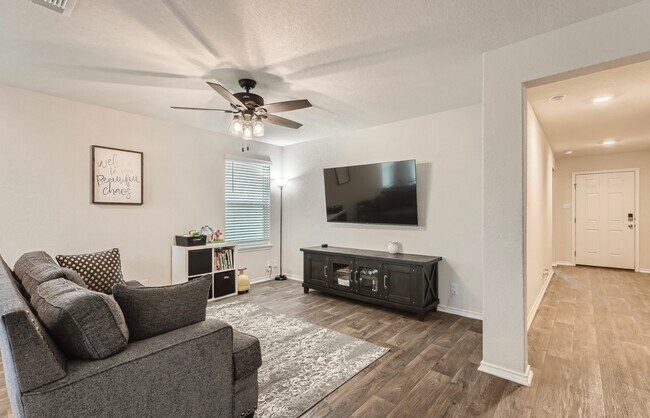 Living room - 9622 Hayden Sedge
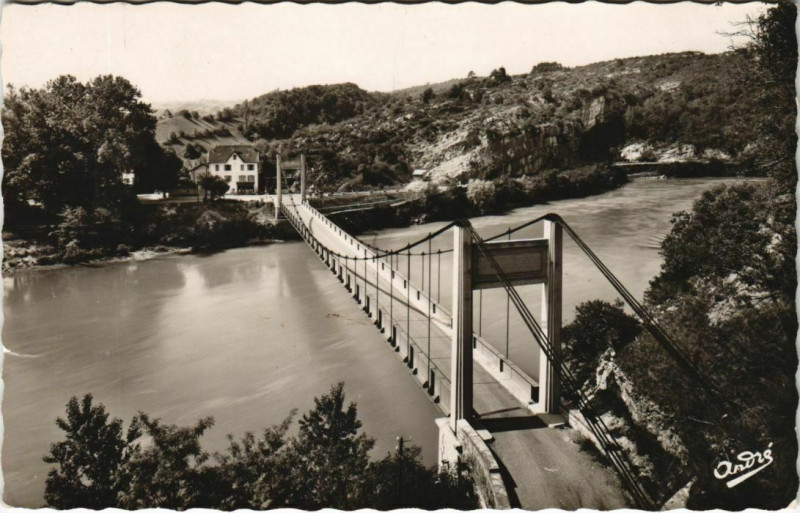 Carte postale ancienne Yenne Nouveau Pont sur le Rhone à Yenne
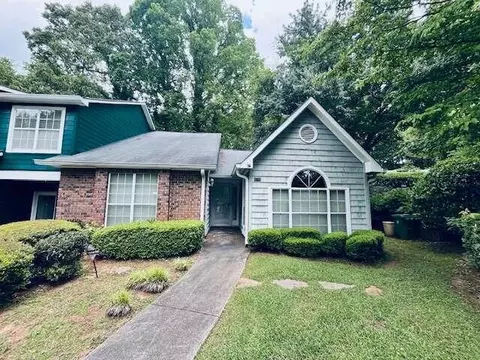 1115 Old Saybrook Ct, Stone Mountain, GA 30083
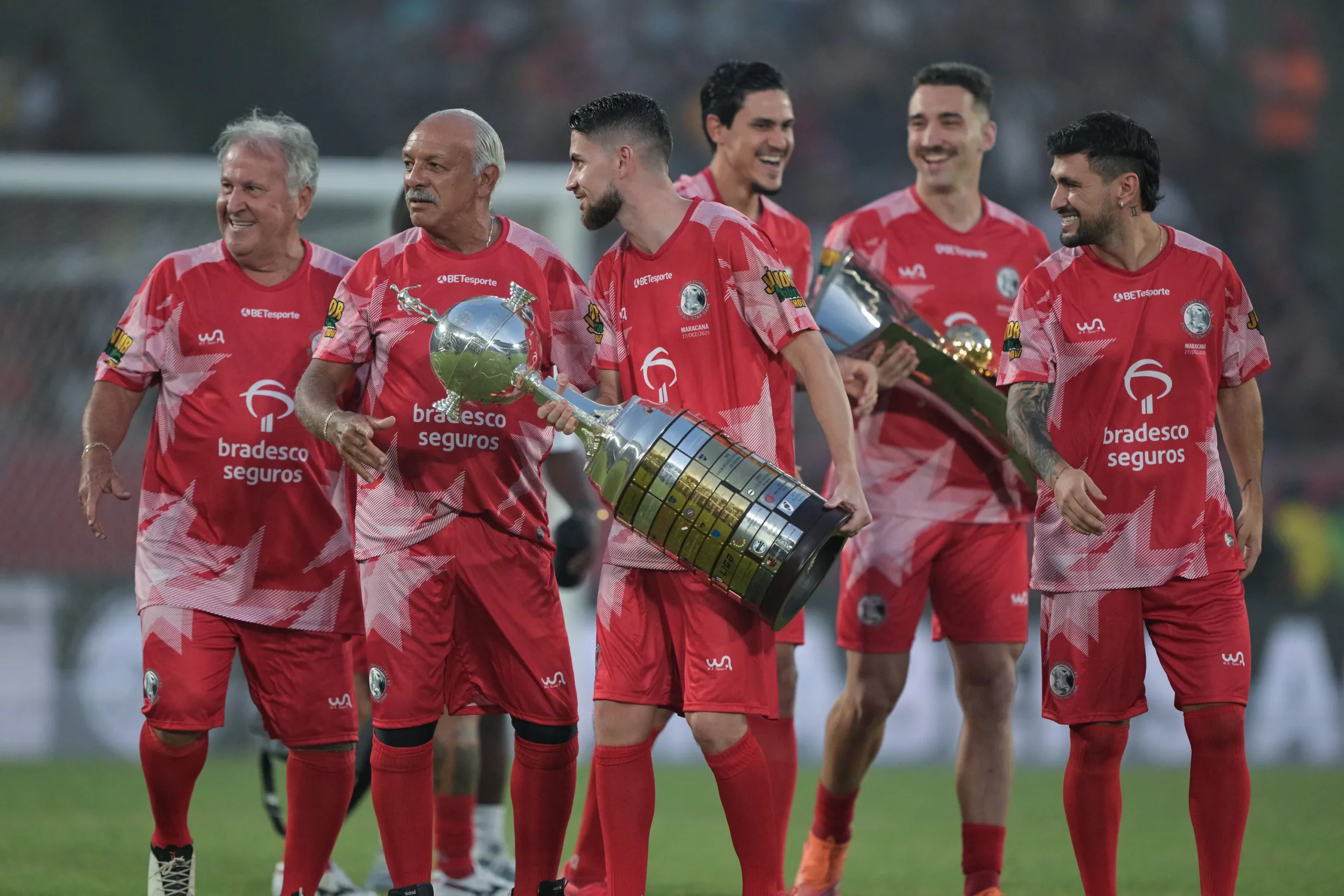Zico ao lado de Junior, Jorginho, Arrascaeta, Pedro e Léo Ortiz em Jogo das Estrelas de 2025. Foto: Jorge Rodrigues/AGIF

———

_What to work on_
A verbatim copy of the listing is required, with all pictures left out.

_Completed exercise_
 Living room - 9622 Hayden Sedge
 Carte postale ancienne Yenne Nouveau Pont sur le Rhone à Yenne
 1115 Old Saybrook Ct, Stone Mountain, GA 30083
Zico ao lado de Junior, Jorginho, Arrascaeta, Pedro e Léo Ortiz em Jogo das Estrelas de 2025. Foto: Jorge Rodrigues/AGIF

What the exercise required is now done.